In our lecture, we defined a sequence $\left(a_n\right)_{n\in\mathbb N}$ to be divergent if it does not converge, and additionally to be divergent to $\pm \infty$, iff: $$\forall \epsilon \in \mathbb R: \exists N \in \mathbb N: \forall n > N: \pm a_n\ge \pm\epsilon$$
But I do not see how that could imply the negation of the convergence definition: $$ \neg\exists a \in \mathbb R:\forall \epsilon > 0: \exists N \in \mathbb N: \forall n \ge N: \left|a_n-a\right|<\epsilon\\ \Leftrightarrow \forall a \in \mathbb R:\exists \epsilon > 0: \forall N \in \mathbb N: \exists n \ge N: \left|a_n-a\right|>\epsilon $$
$\dots$Mainly because I just do not see how one an switch the last 2 Quantors.
How can one (elegantly) prove this implication?

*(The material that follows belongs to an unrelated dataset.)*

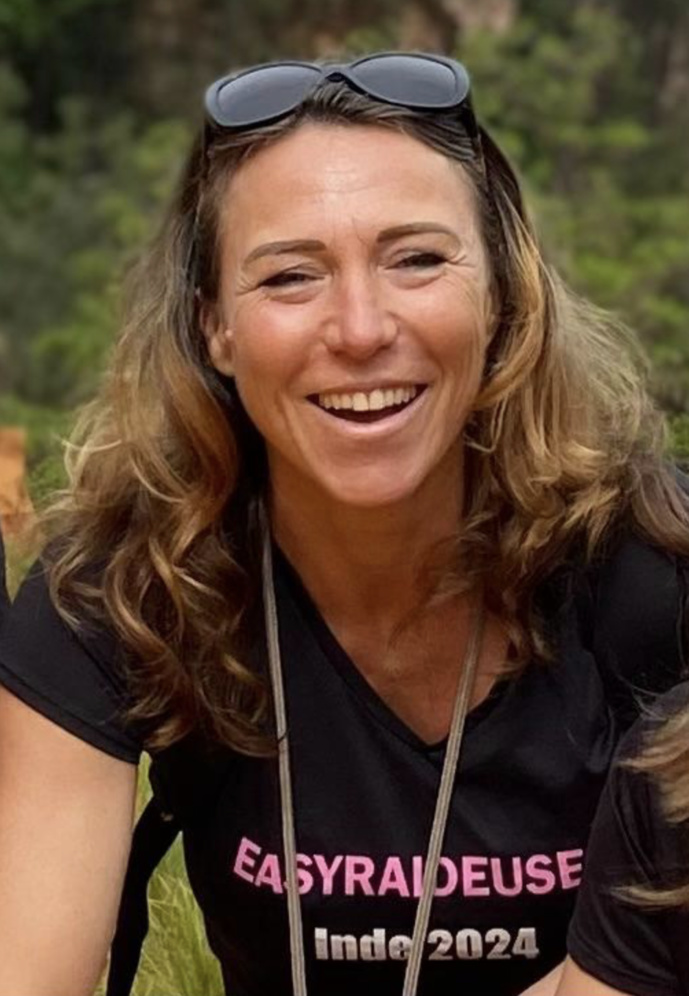 Peggy Defrance, positivité et performance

Assuming that $$\forall \epsilon \in \mathbb R: \exists N \in \mathbb N: \forall n > N: \pm a_n\ge \pm\epsilon$$ which you will agree implies that $$\forall a \in \mathbb R: \exists N \in \mathbb N: \forall n > N: |a_n|\ge |a|+1\tag{$\ast$}$$ one is asked to show that $$\forall a \in \mathbb R:\exists \epsilon > 0: \forall N \in \mathbb N: \exists n \ge N: \left|a_n-a\right|>\epsilon\tag{$\circ$} $$ Well, I say that, by the triangular inequality, $\left|a_n-a\right|\geqslant|a_n|-|a|$ hence $(\ast)$ implies $$\forall a \in \mathbb R: \forall N \in \mathbb N: \exists n \ge N: \left|a_n-a\right|>1\tag{$\dagger$} $$ hence $(\circ)$ holds for $\epsilon=1$. Surely you can prove that $(\ast)$ implies $(\dagger)$?